The Joy Of Cheap Plane Flights

For the first time in a long time I haven't spent chunks of the summer following the Mets around the country, which means two things. The first is that 2011 is likely to be the first year I haven't seen a Major League Baseball game outside of New York in, oh, 11 years or so. The second is that it's been a surprisingly long hiatus for me without seeing a sporting event of any kind outside of the New York Metro area. Since April, in fact.

Now that doesn't mean I haven't traveled at all. Most of you know that I spent nearly three weeks traipsing around Europe. But something has been lacking in the sports travel department since I saw the Red Wings host the Blackhawks at Joe Louis Arena on April 8. My goal is to make up for all of that this fall with several jaunts to see pro teams around the country -- and by several I mean three.

Putting all of that together is still up in the air, but I know that one of those trips isn't because I managed to book myself a flight to San Francisco for the second weekend of November this year, which puts me squarely in the stands for a showdown between the Coyotes and Sharks on Saturday, November 12 and even more excitingly for me, the Giants and 49ers on November 13 at Candlestick Park. I rather enjoy trips to the Bay Area where I have several friends and at this point know that city at least mildly well, but I'm particularly intrigued to see my Football Giants and the building that stole away the baseball variety.

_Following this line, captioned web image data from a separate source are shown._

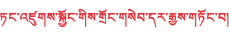 党建促乡村振兴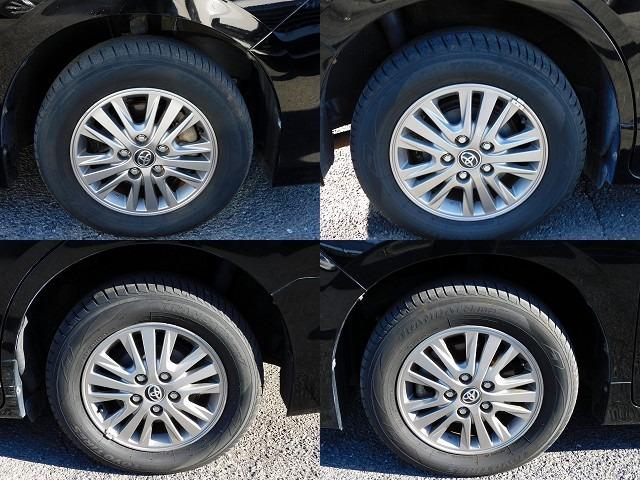 ������̂��Ԃɂ͂X�C���`�i�r�n�f�W�E�o�b�N�J�����E�b�c�E�c�u�c�r�f�I�E�u���[�g�D�[�X�E�d�s�b�E���o�h�A�E�E�b�h�R���r�X�e�A�E�k�d�c���C�g�E�t�H�O�E�I�[�g�N���[�Y�E�o�K���X�E�t�r�a�������I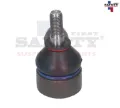 Imagen de TERMINAL EXTERIOR IZQ DER POINTER 98-09 POINTER PICK UP 99-10 D/HID HEMBRA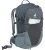 DR3400021-4409 Tassen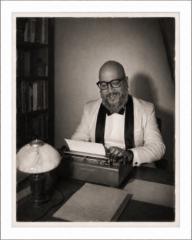Karlo Suasnavar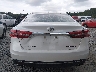 4T1BK1EB4JU****** Wrecked 2018 Toyota Avalon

But what makes this even better? Part of the trick to doing this whole cockammamie thing is finding ways to cut costs, preeminently the need double up sporting events in the same trip and if possible stay with friends for free. I'll have both of those taken care of but the last crucial fixture is to get transport as cheaply as you can do it, and managing that trick on a cross country flight is not the easiest thing.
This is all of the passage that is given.